JAKARTA, OTONOMINEWS.ID – Penolakan terhadap Rancangan Peraturan Daerah (Raperda) Kawasan Tanpa Rokok (KTR) kembali menguat. Sejumlah pedagang pasar, pelaku usaha kecil, hingga komunitas warung Tegal (warteg) mendatangi Gedung DPRD DKI Jakarta, untuk menyampaikan keberatan mereka. Jumat (21/11/2025).
Dalam aksi tersebut, massa membentangkan spanduk bertuliskan “Tolak Ranperda KTR DKI Jakarta yang Membunuh Ekonomi Kerakyatan! Lawan! Ini Soal Isi Perut Rakyat!”.
Dewan Pembina Asosiasi Pedagang Pasar Seluruh Indonesia (APPSI), Ngadiran, menyatakan pihaknya menolak sejumlah pasal dalam Raperda KTR yang mengatur larangan penjualan rokok pada radius 200 meter dari satuan pendidikan dan tempat bermain anak, serta perluasan regulasi KTR ke pasar rakyat.

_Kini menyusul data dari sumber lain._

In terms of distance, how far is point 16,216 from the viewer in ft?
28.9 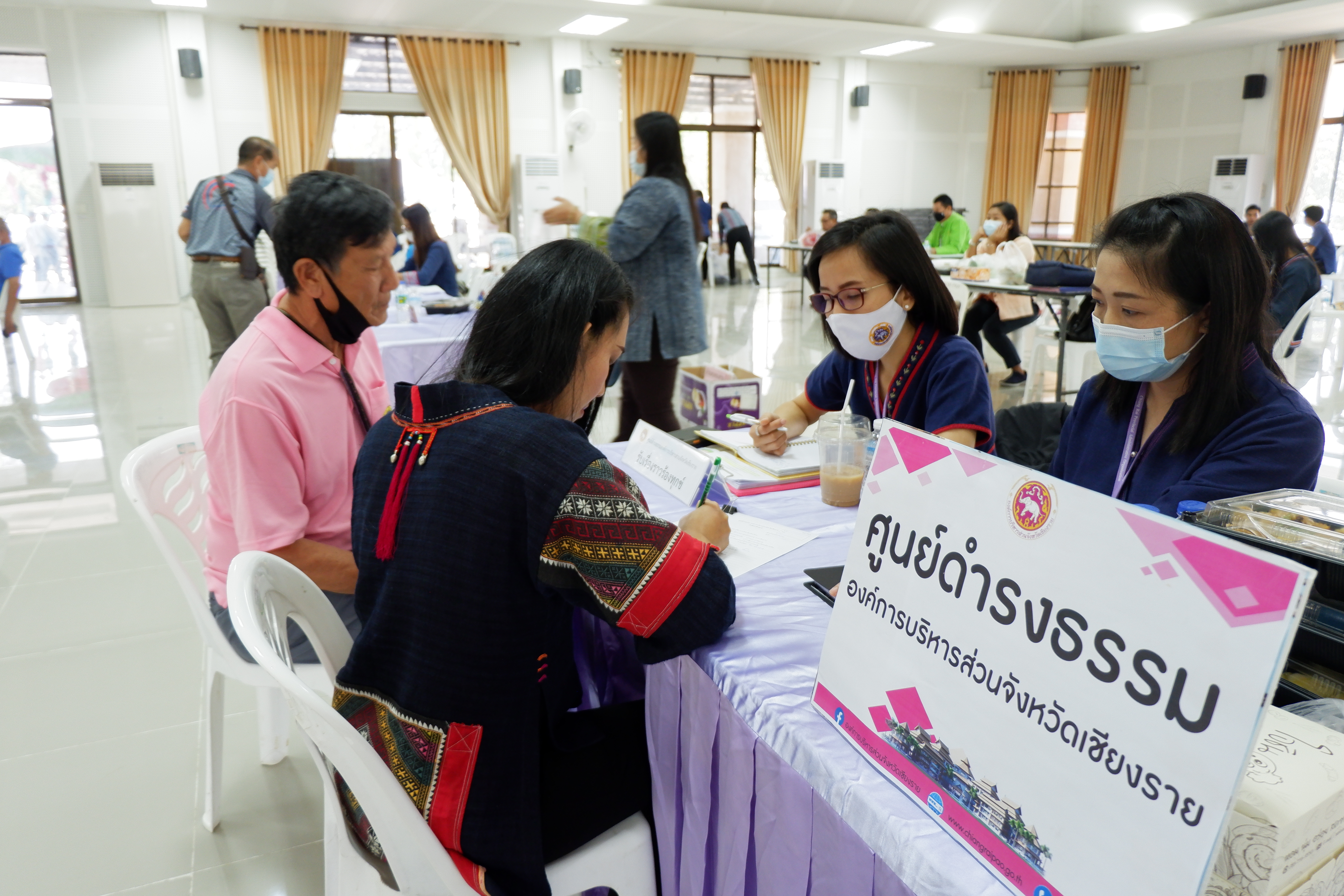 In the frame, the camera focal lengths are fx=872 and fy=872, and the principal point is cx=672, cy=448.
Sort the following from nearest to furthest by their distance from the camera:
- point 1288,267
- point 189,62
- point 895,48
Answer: point 1288,267 → point 189,62 → point 895,48

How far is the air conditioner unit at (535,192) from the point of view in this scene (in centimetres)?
1032

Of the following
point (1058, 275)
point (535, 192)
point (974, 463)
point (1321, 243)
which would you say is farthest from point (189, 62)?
point (1321, 243)

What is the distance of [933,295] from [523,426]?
109 cm

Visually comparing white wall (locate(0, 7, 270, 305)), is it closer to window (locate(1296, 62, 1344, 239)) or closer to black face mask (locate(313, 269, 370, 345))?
black face mask (locate(313, 269, 370, 345))

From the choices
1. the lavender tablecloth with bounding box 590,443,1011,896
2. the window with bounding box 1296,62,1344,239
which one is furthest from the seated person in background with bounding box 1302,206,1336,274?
the lavender tablecloth with bounding box 590,443,1011,896

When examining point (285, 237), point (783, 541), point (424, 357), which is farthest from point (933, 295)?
point (424, 357)

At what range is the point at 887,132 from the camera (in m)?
12.7

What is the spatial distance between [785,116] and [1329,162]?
6.67 metres

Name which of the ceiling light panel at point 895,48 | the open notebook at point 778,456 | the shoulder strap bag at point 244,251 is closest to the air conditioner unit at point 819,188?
the ceiling light panel at point 895,48

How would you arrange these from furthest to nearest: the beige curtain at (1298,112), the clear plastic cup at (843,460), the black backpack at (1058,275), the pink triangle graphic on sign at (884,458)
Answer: the beige curtain at (1298,112)
the black backpack at (1058,275)
the clear plastic cup at (843,460)
the pink triangle graphic on sign at (884,458)

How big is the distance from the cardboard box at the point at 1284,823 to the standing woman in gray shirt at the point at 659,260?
2.54 metres

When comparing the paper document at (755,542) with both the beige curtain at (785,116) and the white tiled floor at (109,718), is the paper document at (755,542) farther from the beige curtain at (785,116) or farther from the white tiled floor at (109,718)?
the beige curtain at (785,116)

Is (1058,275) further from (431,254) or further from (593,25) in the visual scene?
(593,25)

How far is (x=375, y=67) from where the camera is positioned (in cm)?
1011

“Larangan ini sama saja menghilangkan mata pencaharian pedagang pasar yang sudah semakin tergerus,” ujar Ngadiran. (21/11/2025)
Ia menyebut, dari 153 pasar yang dikelola Perumda Pasar Jaya, sebanyak 146 masih aktif beroperasi. Total pedagang yang terdata mencapai 110.480 orang.
“Ada seratus ribuan pedagang yang terdampak langsung. Pedagang itu aset pasar yang harus dilindungi, bukan ditekan,” tambahnya.
APPSI mendesak agar pasar tradisional dikecualikan dari kategori “Tempat Umum” dalam penerapan KTR total.
Ketua Umum Asosiasi Pedagang Kaki Lima Indonesia, Ali Mahsun, menyampaikan permintaan agar DPRD DKI menunda dan meninjau ulang pengesahan Raperda KTR.